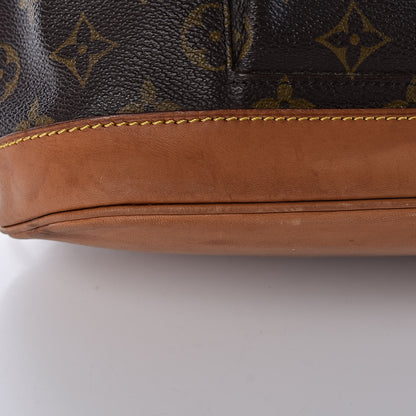 Louis Vuitton Monogram Montsouris MM Backpack 12 of 12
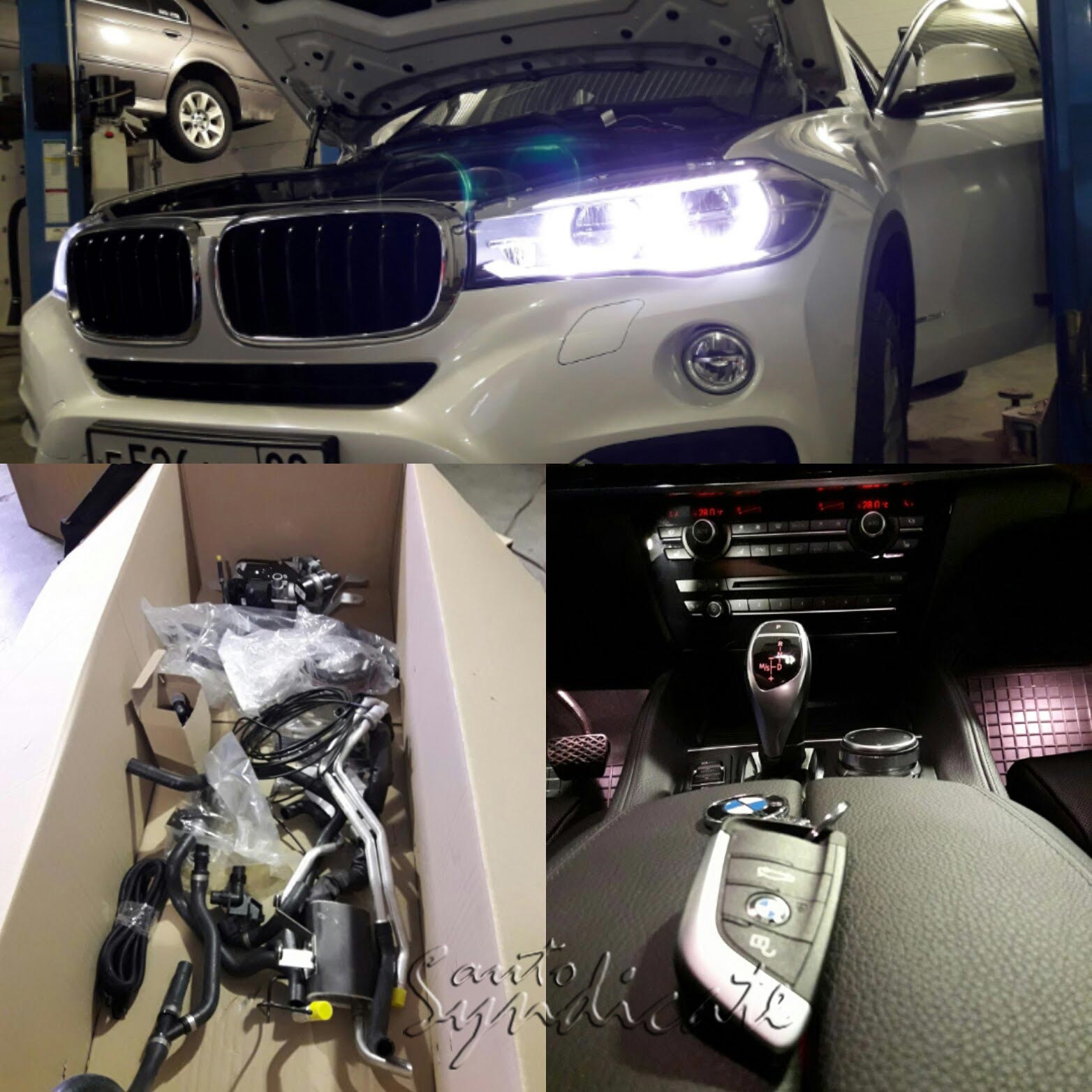 Установка предпусковых подогревателей Webasto — Автосиндикат на DRIVE2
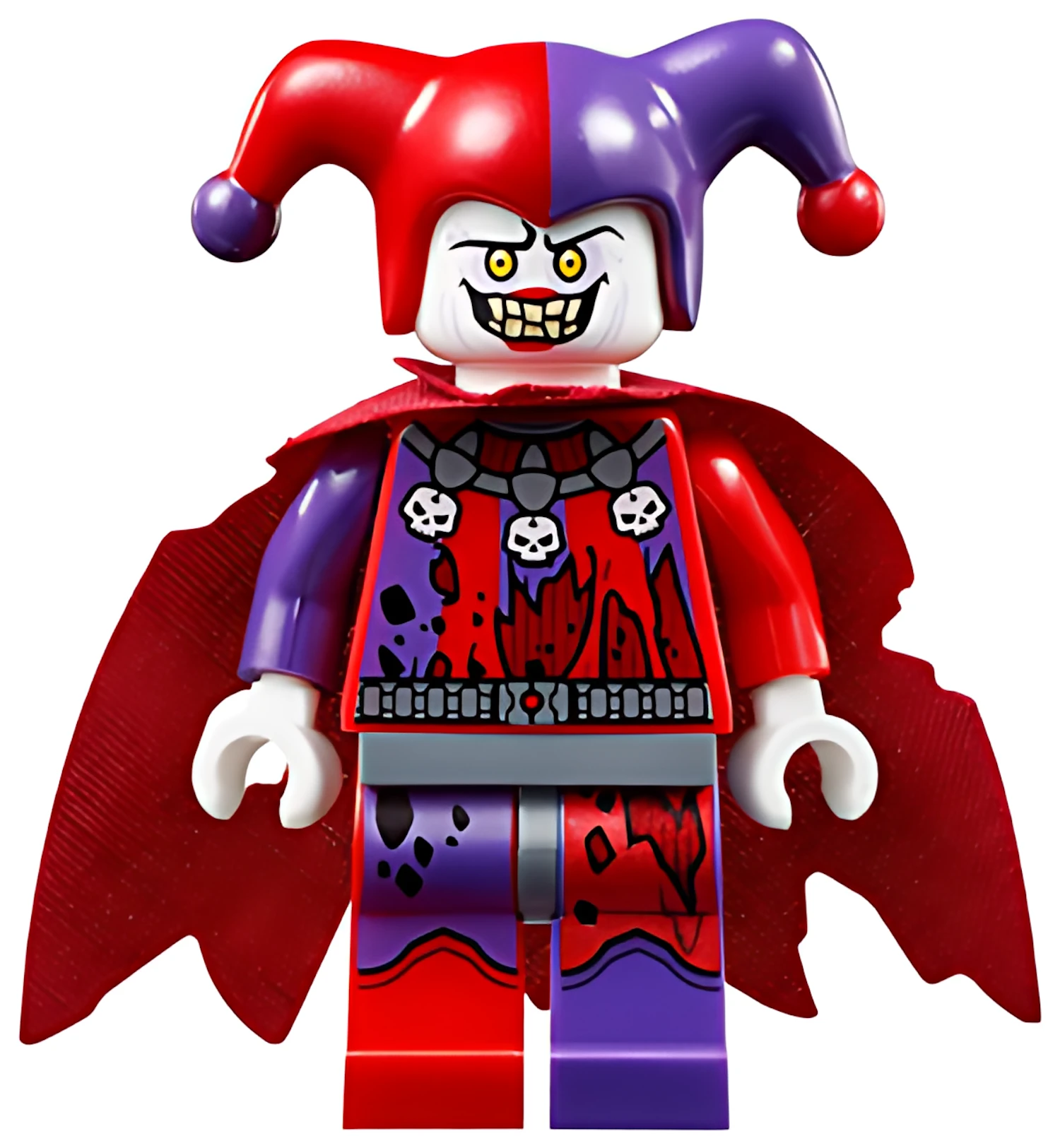 Фигурка LEGO Nexo Knights Jestro - фото 1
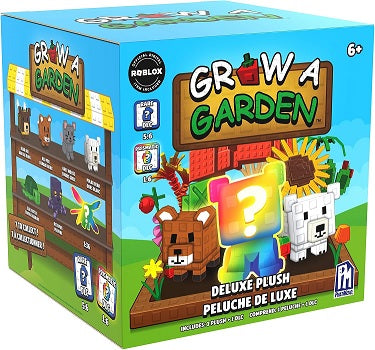 Grow A Garden - Series 1 8" Collectable Plush comes with DLC (Plush)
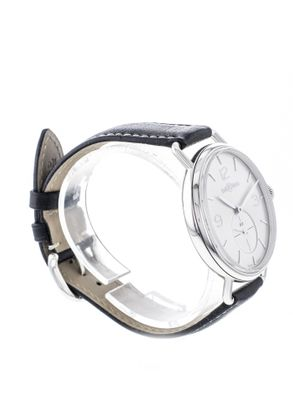 BELL & ROSS WW1 Argentium Silver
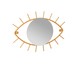 Espelho de Parede Olho Karin - Dourado, Dourado | WestwingNow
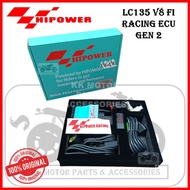 [100% ORIGINAL ] HIPOWER RACING ECU GEN-2 GEN 2 LC135 135LC V8 FI FUEL INJECTION 4 MODE
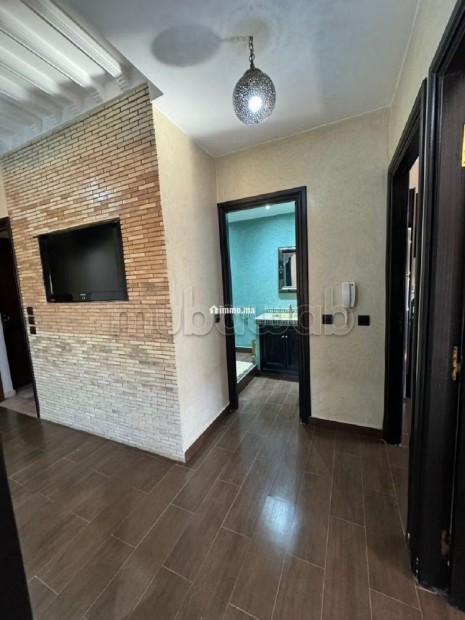 Appartement à louer à Route Casablanca. Superficie 89 m². Bien meublé - Location Immobilier - Marrakech - photo 3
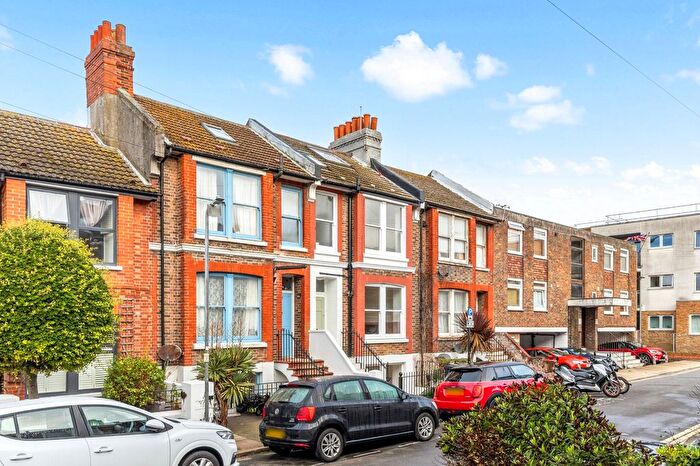4 Bedroom Terraced House For Sale In Rugby Place, Kemptown, BN2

_ _ _ _ _ _ _

- ABOUT THIS EXERCISE: I would like the lines from the one with "Espelho de Parede" through the last line of the data above retyped exactly, with pictures left out, please.

- SOLUTION FOR THIS EXERCISE:
 Espelho de Parede Olho Karin - Dourado, Dourado | WestwingNow
 [100% ORIGINAL ] HIPOWER RACING ECU GEN-2 GEN 2 LC135 135LC V8 FI FUEL INJECTION 4 MODE
 Appartement à louer à Route Casablanca. Superficie 89 m². Bien meublé - Location Immobilier - Marrakech - photo 3
4 Bedroom Terraced House For Sale In Rugby Place, Kemptown, BN2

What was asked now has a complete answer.